Find all pairs of functions $f,g\colon \mathbb{R} \to \mathbb{R}$ such that $f(x) + g(y) = x^2y^2$. If there are no such pairs then explain why?
I believe the answer is that there are no pairs because there is no way to add a function of $x$ to a function of $y$ and get a product of the two.
Let $L(x,y) = f(x)+g(y)$ and $R(x,y) = x^2y^2$.
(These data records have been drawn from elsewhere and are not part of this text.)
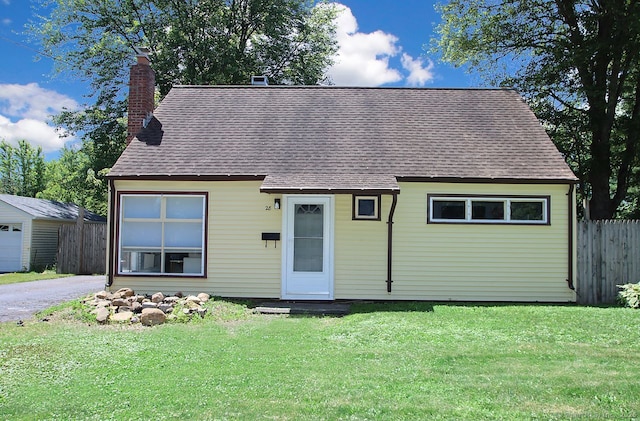 28 Chester Ln, Wallingford, CT 06492 - view of front of property featuring a chimney, a shingled roof, and an outdoor structure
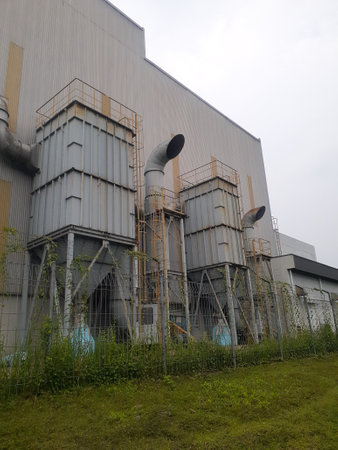 The dust collector system, also known as the baghouse or bag filter used in a factory.の写真素材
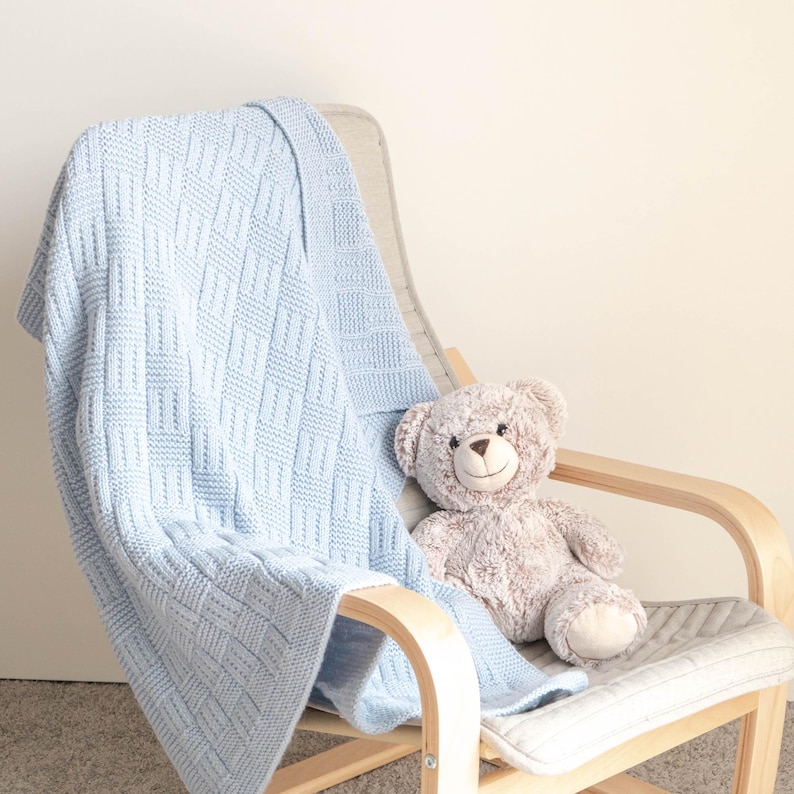 May include: A light blue knitted baby blanket with a geometric pattern is draped over a wooden chair. A plush teddy bear sits on the chair. The blanket is made of soft material and is suitable for a nursery.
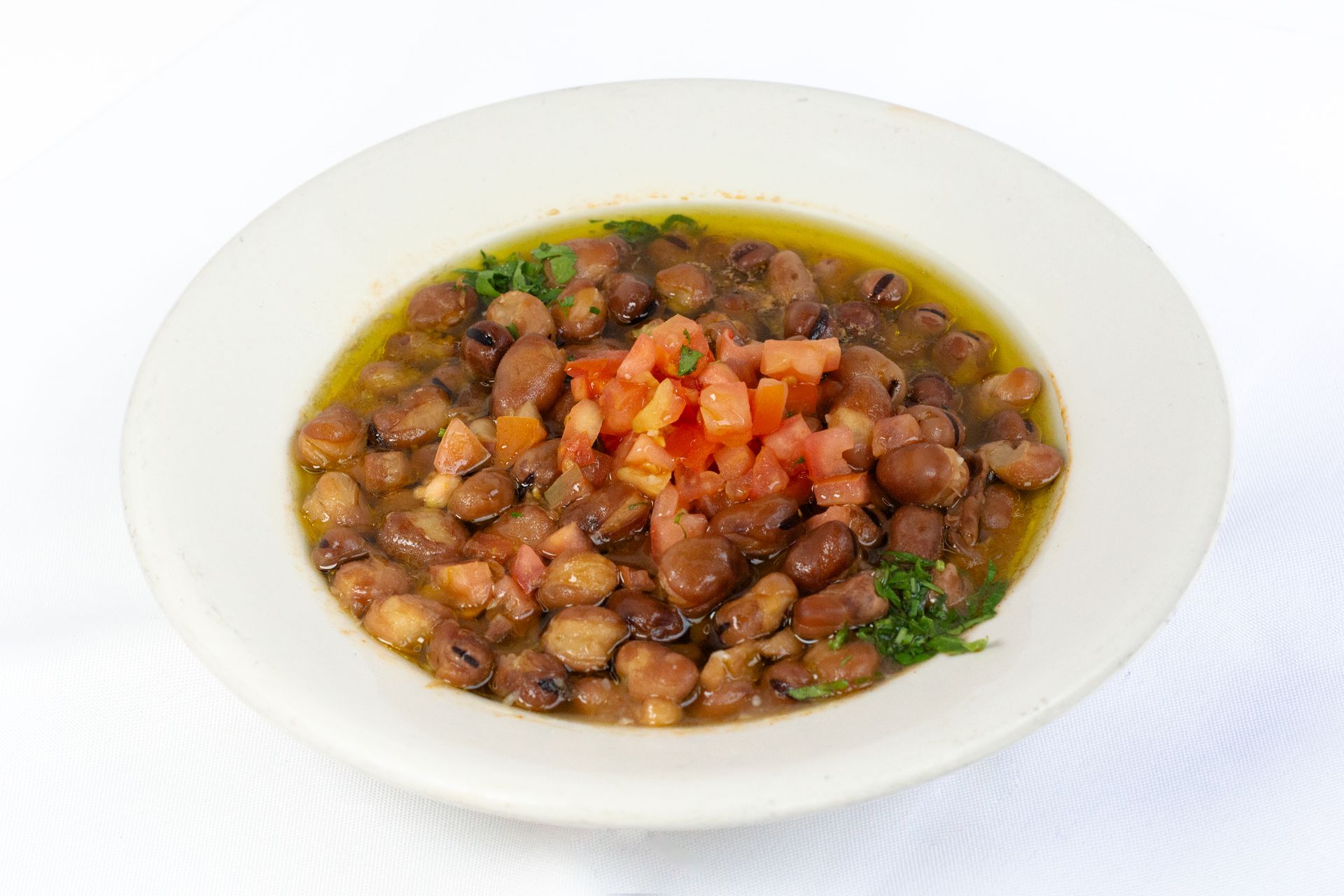 Foul Dip: Fava beans topped w tomato olive oil الفول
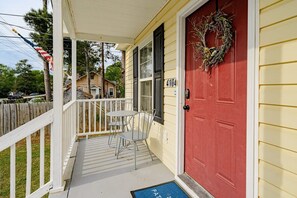 Welcome to 4104, where a charming porch invites you to step inside.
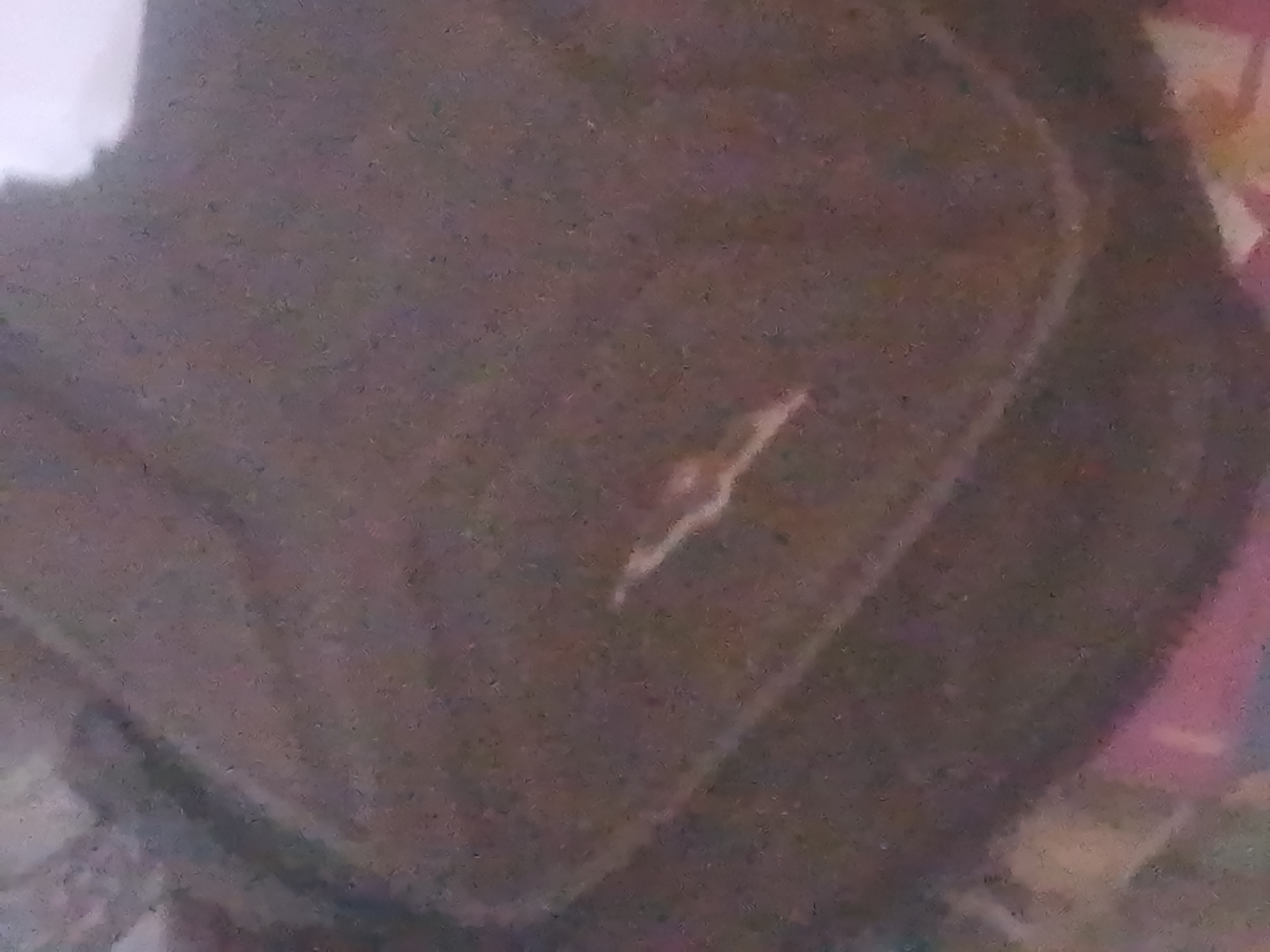 The image is a close-up, blurry shot of a dark, textured surface. A faint, light-colored, V-shaped mark is visible in the center. The texture of the surface appears to be fabric or rough material. The background is out of focus and contains indistinct shapes and colors, possibly other objects or a wall. There is no identifiable location in Jauro Yinu, Nigeria, or any discernible people, actions, or interactions.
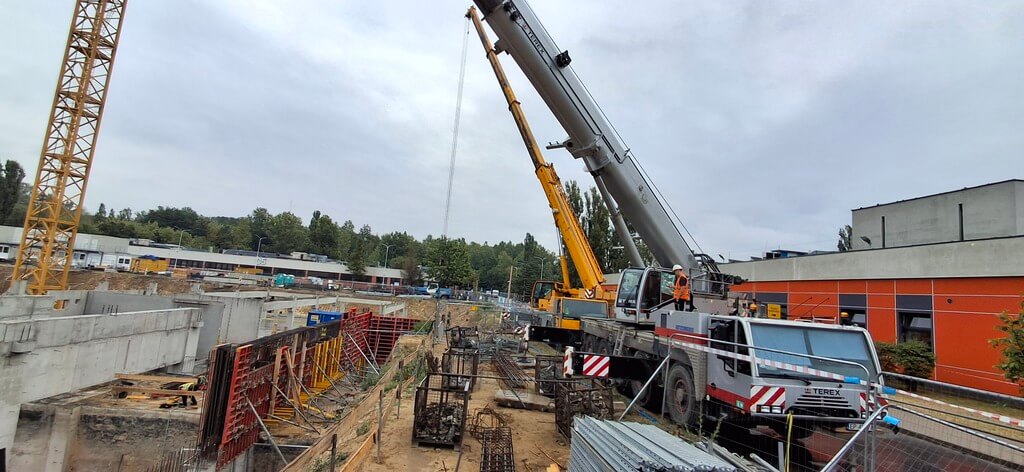 Żurawie samojezdne i dźwig wieżowy podczas prac budowlanych w Łodzi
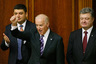 U.S. Vice President Joe Biden (C) greets deputies as Ukraine's President Petro Poroshenko (R) and Parliament Speaker Volodymyr Groysman stand behind at the parliament in Kiev, Ukraine, December 8, 2015. REUTERS/Valentyn Ogirenko - RTX1XPHT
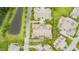 Bird's eye view of neighborhood with neatly arranged condos, green spaces, and a serene pond at 425 Faith Dr, Gibsonville, NC 27249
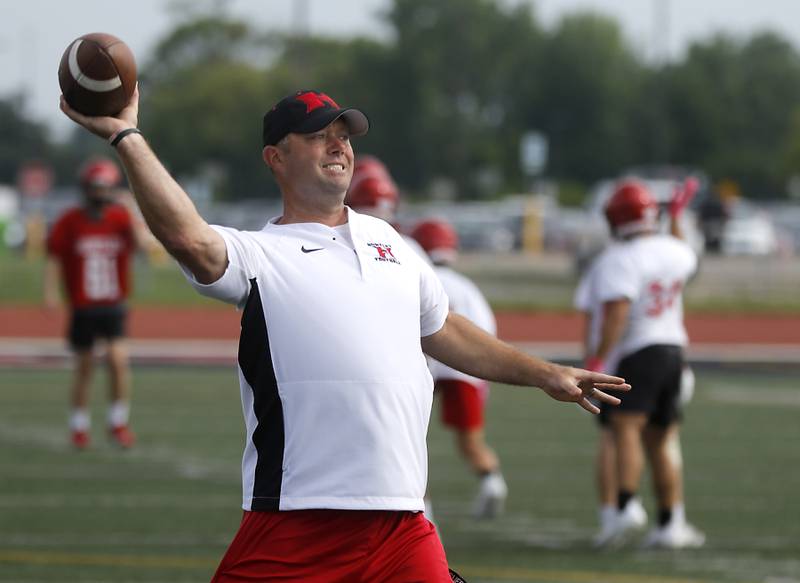 Huntley football Mike Naymola throws the football during a drill during the first day of football practice Monday, August 7, 2023, at the Huntley High School’s Red Raider Stadium.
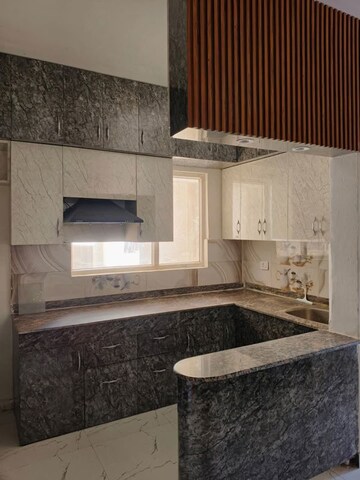 Kitchen in 2 BHK Apartment at Pivotal Riddhi Siddhi, Sector 99 – for Rent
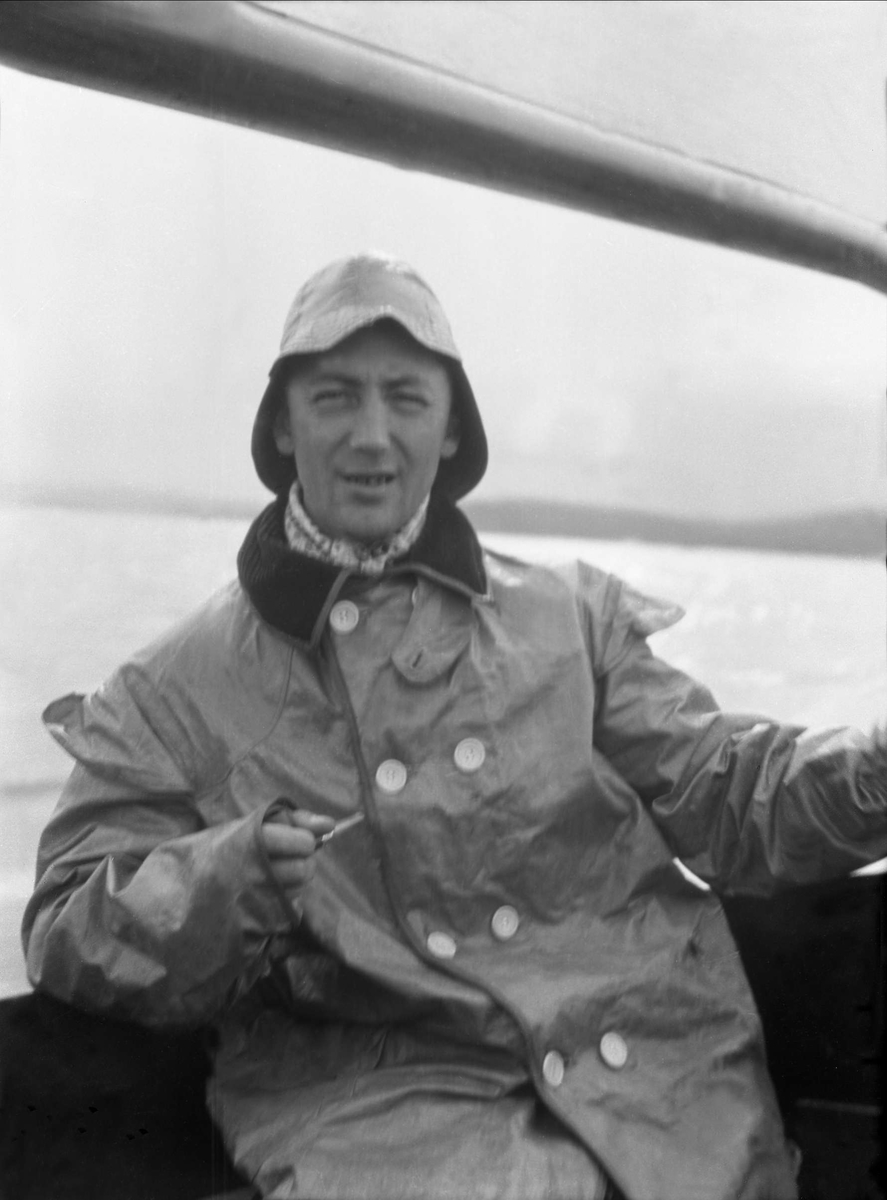 En mann med sydvest og pipe i hånden sitter i en seilbåt. Robsahm og Lund.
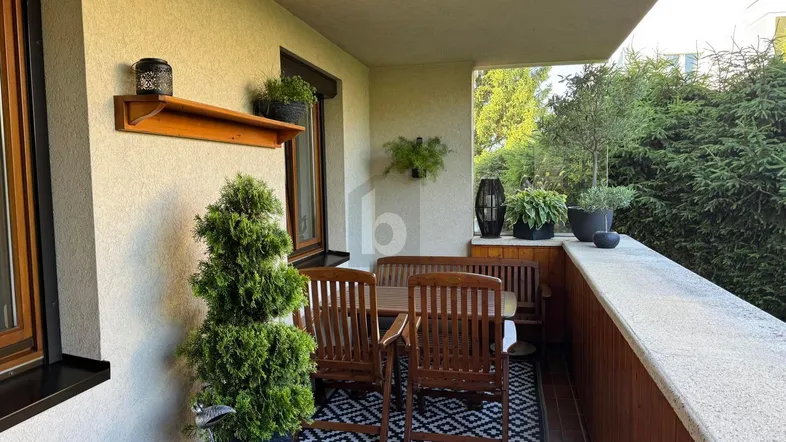 Gemütlicher Balkon mit Holztisch und Stühlen, umgeben von Pflanzen und mit Blick ins Grüne.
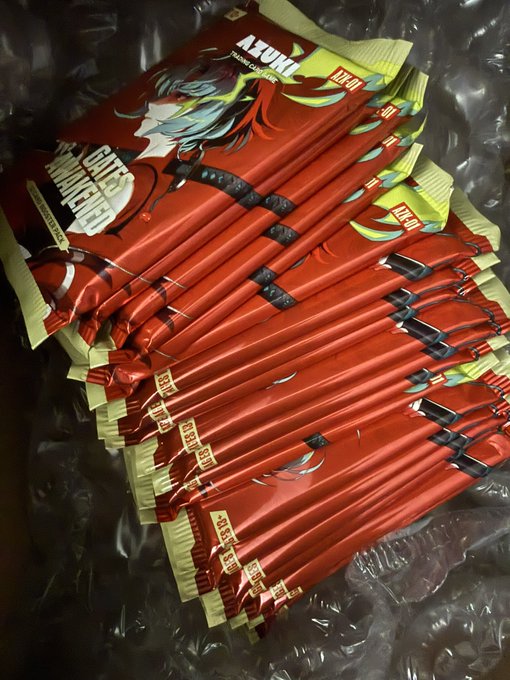 A pile of red and yellow "AZUKI" instant noodle packets with anime-style artwork, displaying "120g" on the packaging.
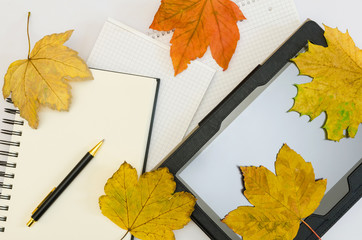 tablet with blank office notepads covered by autumn maple leaves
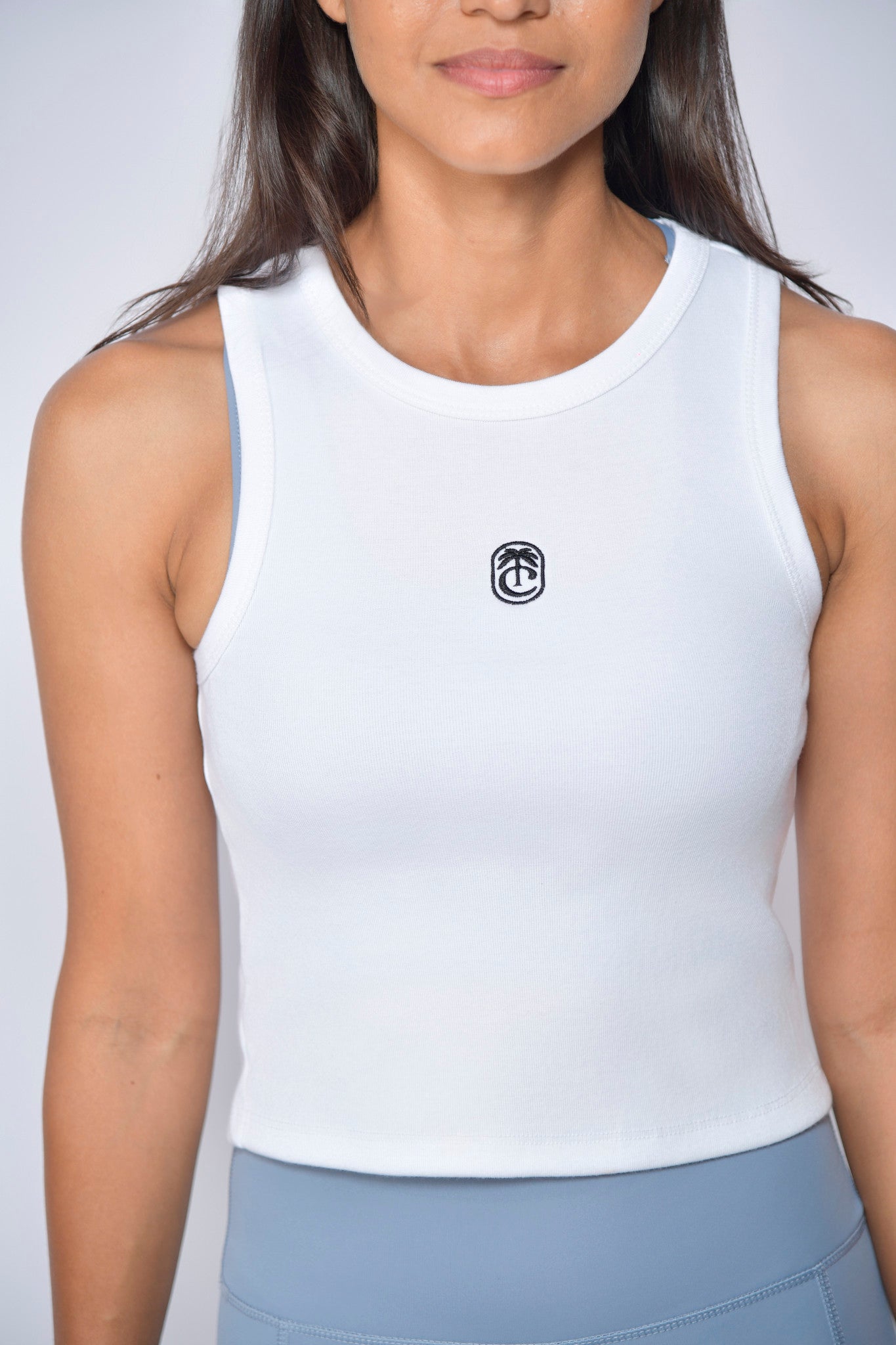Person wearing a white tank top with Club Tropikai logo  on a plain background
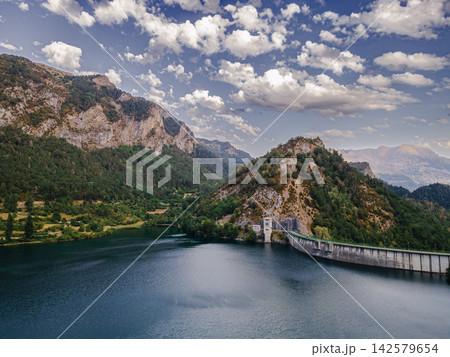 Lanuza Dam Beneath Dramatic Pyrenees Clouds. Aerial view of the Lanuza dam and reservoir beneath dramatic clouds in the Spanish Pyrenees near Formigal, Spain, the concrete barrier holding turquoise wa Lanuza Dam Beneath Dramatic Pyrenees Clouds. Aerial view of the Lanuza dam and reservoir beneath dramatic clouds in the Spanish Pyrenees near Formigal, Spain, the concrete barrier holding turquoise wa 142579654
The easiest way to see no $f(x)$ and $g(y)$ can make $L(x,y) = R(x,y)$ identically is
$$\frac{\partial^2}{\partial x\partial y}L(x,y) = 0 \ne 4xy = \frac{\partial^2}{\partial x\partial y}R(x,y)$$
Of course, this argument require $f(x)$ and $g(y)$ to be differentiable. To remove this restriction, we can "integrate" both sides formally and convert above contradiction to one that involve only finite differences.
Notice
$$\begin{align} L(0,0) - L(0,1) &- L(1,0) + L(1,1) \\ & = (f(0)+g(0)) - (f(0)+g(1)) - (f(1)+g(0)) + (f(1)+g(1)) = 0\\ R(0,0) - R(0,1) &- R(1,0) + R(1,1) \\ &= 0^20^2 - 0^21^2 - 1^2 0^2 + 1^21^2 = 1 \end{align} $$ $L(x,y)$ need to differ from $R(x,y)$ at at least one of following four points $(0,0), (0,1), (1,0), (1,1)$. Otherwise, we will be faced with the contradiction that $0 = 1$.
As a consequence, it is impossible to rewrite $x^2y^2$ in the form $f(x) + g(y)$.